Amidst the noise generated by new professional standards, policy reforms and challenges to business models, Professional Planner has linked up with researcher Investment Trends to launch a new index designed to track the effect advice has on consumers and the difference it makes to the mental and financial well-being of Australians.

“The data is early, and so indicative at this stage, but we will continue to measure it and develop an index that tracks the effect of financial advice,” said Investment Trends CEO Michael Blomfield, before warning that the impact of advice “can and should take years to play out”.

Blomfield said getting a handle on the relevant findings is harder than it seems. “You know what?” he said. “Jeez it’s complex.”

It would be “the easiest thing in the world” to present data showing that people who receive financial advice have a greater sense of financial security, Blomfield said.

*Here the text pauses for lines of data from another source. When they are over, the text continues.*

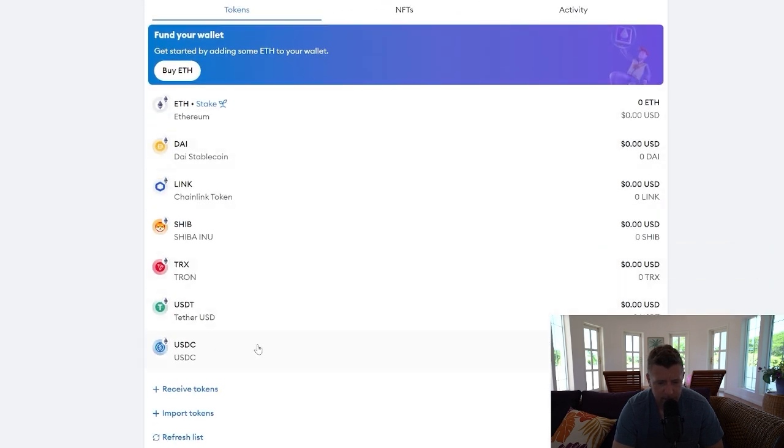USDC added to MetaMask. So really simple guides on how to add these tokens, definitely the easiest way to do it.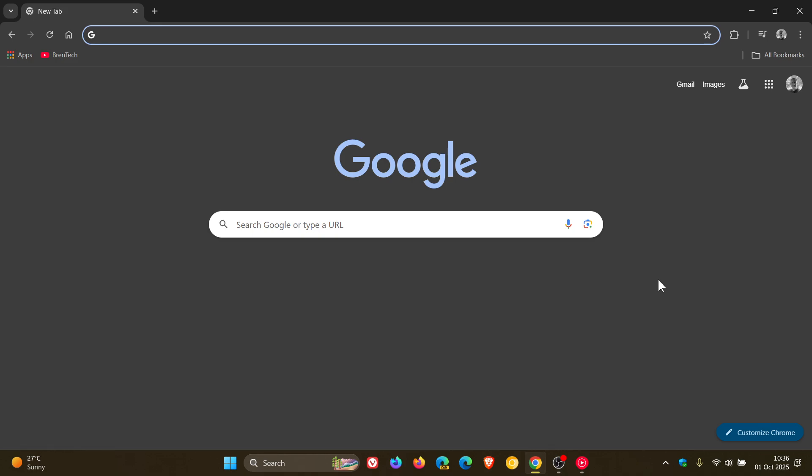And basically what that means, it'll allow you to ask questions about the web page you're on, very similar to what we've seen with Copilot in Microsoft Edge and also Copilot Vision over on Windows 10 and Windows 11.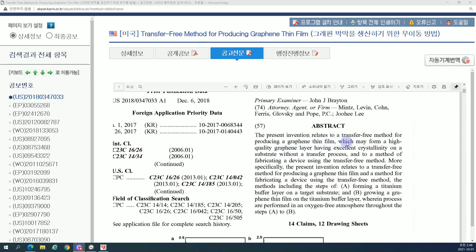The present invention relates to a transfer-free method for producing a graphene thin film, which may form a high-quality graphene layer having excellent crystallinity on a substrate without the transfer process, and to a method of fabricating a device using the transfer-free method. The method includes the steps of: (a) forming a titanium buffer layer on a target substrate, and (b) growing a graphene thin film on the titanium buffer layer, wherein processes are performed in an oxygen-free atmosphere throughout steps (a) to (b).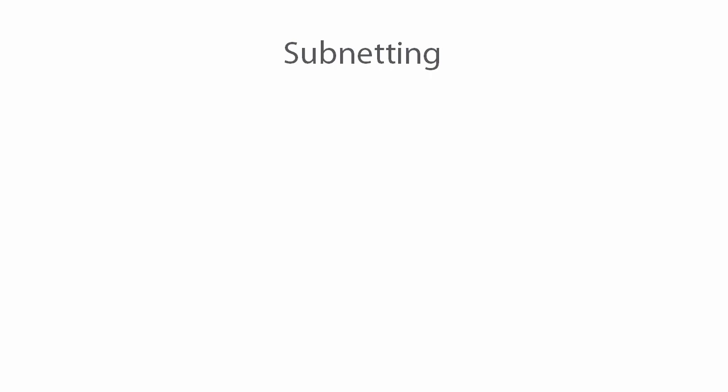So how exactly do we subnet based on the number of hosts that must reside within the subnet? Well there's four basic steps which I'll briefly list and then we'll look at some examples.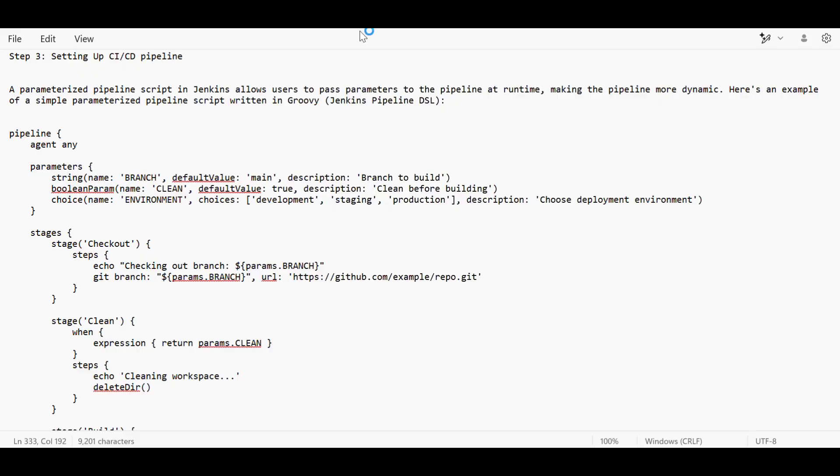Hello everyone, welcome to the new video. Today we will discuss Step 3, which is setting up the CI/CD pipeline. Before this, we discussed Step 1 where we provision the infrastructure, and Step 2 where we fetch the source code from the SCM tool.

“We could tell you that, but the problem with that is in the construction of our system. And what our system says is [that] because of the cost of running comprehensive and holistic financial advice, the people who are actually eligible to get financial advice are quite wealthy,” he explained.

The trick, he reckons, is to “control away” the fact that people are getting advice, which Investment Trends hopes will give a more accurate reading on the interplay between wealth, advice and financial security.

The early findings of the index, Blomfield was able to reveal, do indicate a “confidence gap” in the sense of financial security between non-advised and advised Australians. This gap is exacerbated by wealth, he said, as wealthy Australians who have access to advice more readily are able to have the confidence gap ameliorated by that advice.

“The problem remains that Australians who can’t afford an adviser can’t get the benefit of this confidence,” Blomfield said.

Also interesting, the CEO noted, was how the persona of each cohort studied seemed to influence their sense of financial confidence, regardless of whether they were under advice. Delegators and collaborators, for example, describe themselves as much less knowledgeable than self-directed investors.

“The advice effect isn’t just as black and white as one would hope,” he added.